I spoke to Jane's daughter, Sue Scully, who thought it might have been planted in the vicinity of the Town Green, but really wasn't even sure if there was a tree, so I checked out our Town Green; it does not contain any oak trees. I did check around the Town Hall and found many oaks, but only two that looked like white oaks.
I spoke with several other residents that might have remembered if Jane had planted a tree and they had never heard about it. I spoke to our Town Clerk and she checked out minutes from town meetings in the 1960's, but could not find any information concerning the tree. I also spoke to John Washburne's daughter, Kathy Shea, and she didn't remember anything about it. Thus, we both agreed that if the tree existed, her dad would have surely documented it in the town's 175th Anniversary book in 1971.
Finally, I checked out and old article from the Bristol Press that Wolcott Trader wrote in 1976 concerning our Constitutional Oak. In that article, John Washburne also mentioned the confusion between the two trees, but only stated that we had a Constitutional Oak tree.
In the meantime, I had emailed George Krimsky at the Waterbury Republican American to ask if he had received any other e-mails concerning such a tree in Wolcott; he had not.
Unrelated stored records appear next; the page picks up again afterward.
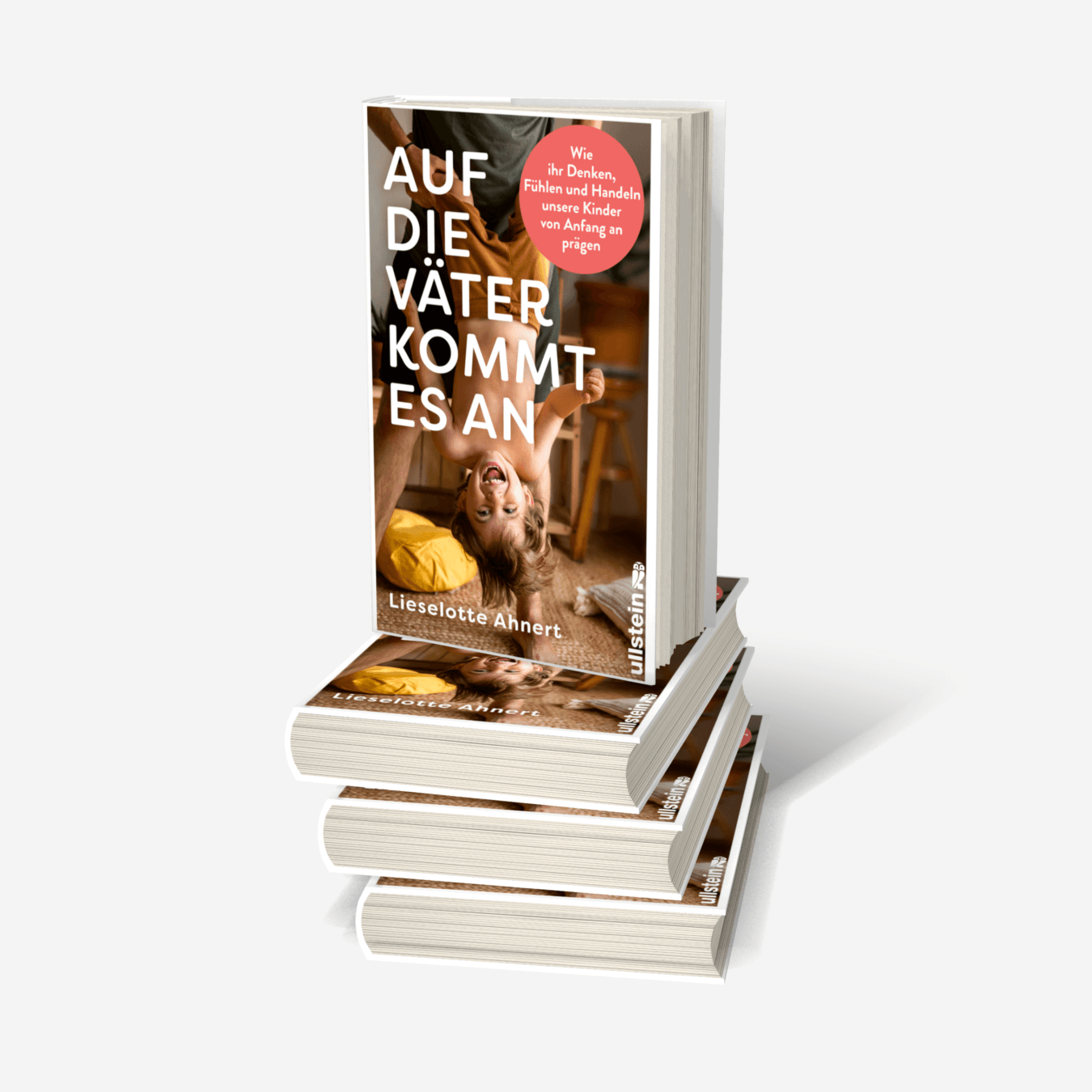 Buchcover von Auf die Väter kommt es an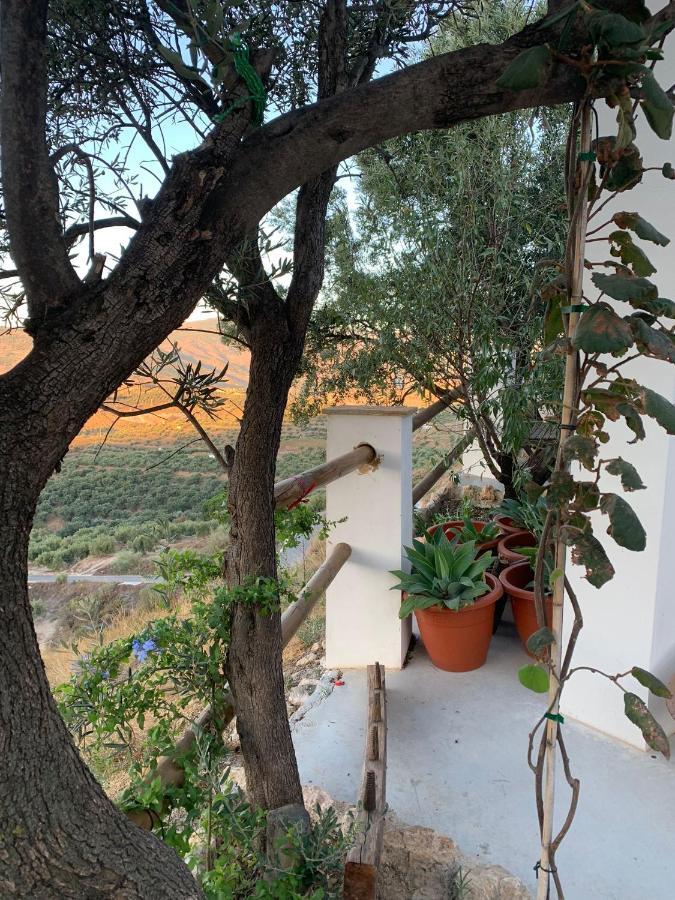 منزل الضيف Lanjarón  في Cortijo Samadhi المظهر الخارجي الصورة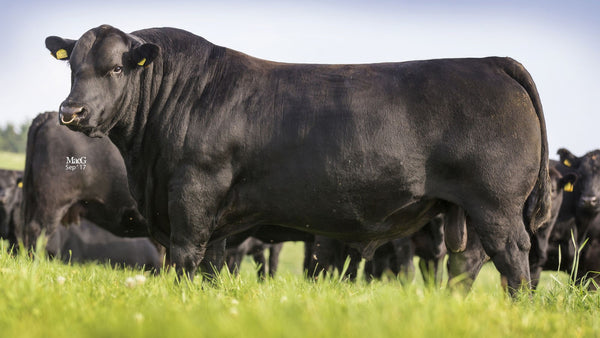 Aberdeen Angus Beef Breed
He did tell me that a second article on the subject was forthcoming, which would list the names of the towns that had descendants of the tree and Wolcott was not one of them. So as of this date, to my knowledge, Alex Nole has the only descendant to the Charter Oak.
Also in his second article, George explained the confusion between the two trees that I previously mentioned. So to clear up all confusion, I too would like to tell you about Wolcott's Constitutional Oak tree.
The story of our Constitutional Oak tree begins in October of 1901, when a vote was taken to hold a Constitutional Convention in Hartford to revise the existing constitution. (It had previously been revised in 1818.) Although the electors voted to hold the convention, they were concerned about the proposed changes. In 1902, the U.S. Department of Agriculture presented each of the 168 delegates with a pin oak tree seedling to commemorate the passing of the proposed revisions. They were to be planted in their hometowns in public places and be known as "Constitutional Oaks" as memorials to the expected new state constitution, but the revisions never passed.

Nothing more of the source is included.